Michael Cousin/Diablo Furnaces, LLC
Looks like Michael Cousin very recently started with furnace manufacturer Diablo Furnaces, LLC., in Machesney Park, Illinois, USA as Director of Technology. Michael has had a long distinguished history in the heat treating industry having worked at companies such as AFC-Holcroft and most recently as Senior Technical Manager-Atmosphere Products for Ipsen. Diablo Furnaces is a relatively new player in the industry as you can see from the press release below dated June 14, 2017. Since 2017 we have had several press releases about the company, the most recent one just a few months ago when Bill Gornicki of ALD Vacuum Systems left the company to become CEO of Diablo. We have yet to see one of their furnaces in the field but we understand the company had a pretty full order book.
“MACHESNEY PARK, ILLINOIS – June 14, 2017 – A company that built a niche servicing and refurbishing million dollar machines in the gear industry launched a spinoff company to build a new line of heat treating furnaces for those same customers. The new operation, Diablo Furnaces, saved five employees from the unemployment lines and Diablo is looking to add more. Machine Tool Builders was founded in 1995 to rebuild and re-control – add new controls to modernize machinery – large machines that make gears or work on gears. The company does this work for large national conglomerates such as Boeing and Caterpillar but also for local firms including Forest City Gear and Rockford Toolcraft. MTB eventually diversified into selling foreign brands as well, such as Germany-based Burri Grinding and Dressing Machines, Switzerland’s Donner+Pfister and HERA Hobbing Machines from South Korea.

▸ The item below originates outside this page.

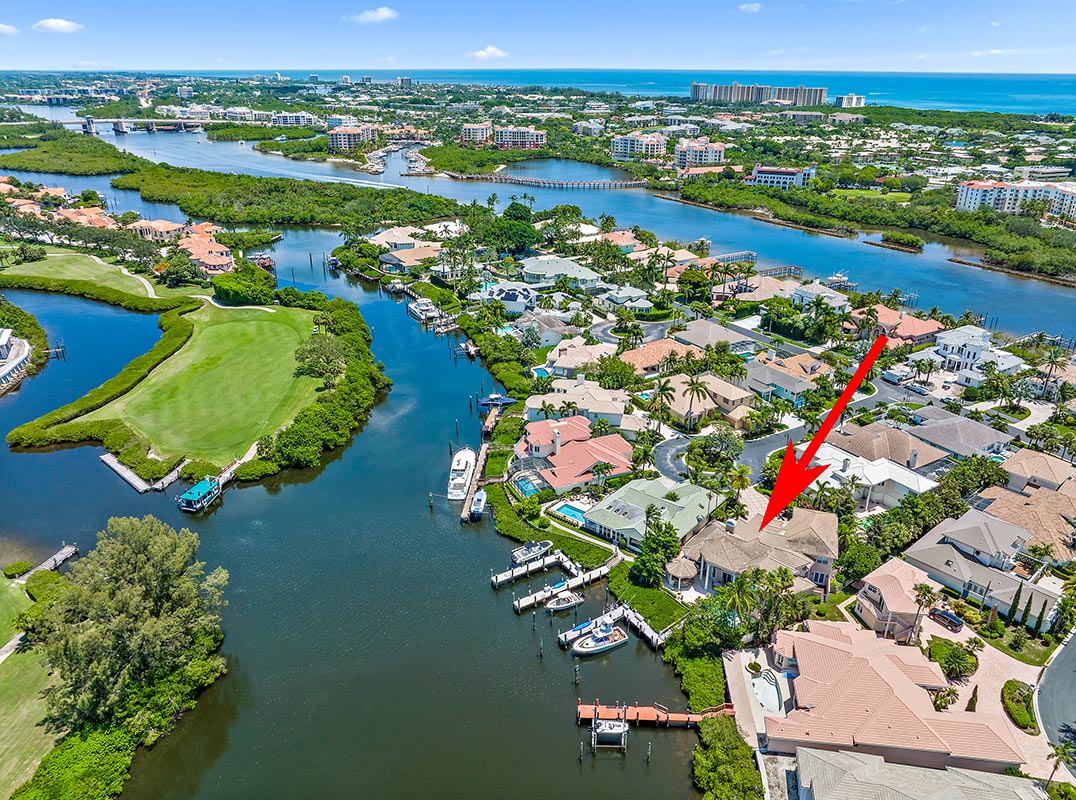 Deepwater Home in Jonathan’s Landing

Several years ago, MTB saw an opportunity to break into a related industry. When a gear is finished it has to be baked in a furnace to make it harder. Without the heat treating, the soft metal would wear down in a day. Machine Tool Builders began servicing and refurbishing heat treating furnaces. Many of those furnaces were built by a decades-old Rockford, Illinois firm. When that company closed suddenly and its assets sold to a Michigan company, MTB added key personnel from that firm and began using that institutional knowledge to design and build new furnaces under the name Diablo Furnaces. Diablo builds internal quench, temper/draw, box and car bottom furnaces that are custom built for each customer, based on material, temperature range, volume and available floor space. Diablo launched in February with five employees and a goal to do $6 million in sales this year. The company was 50 percent to that goal by the end of April. Diablo now needs more workers to keep up with market demand.”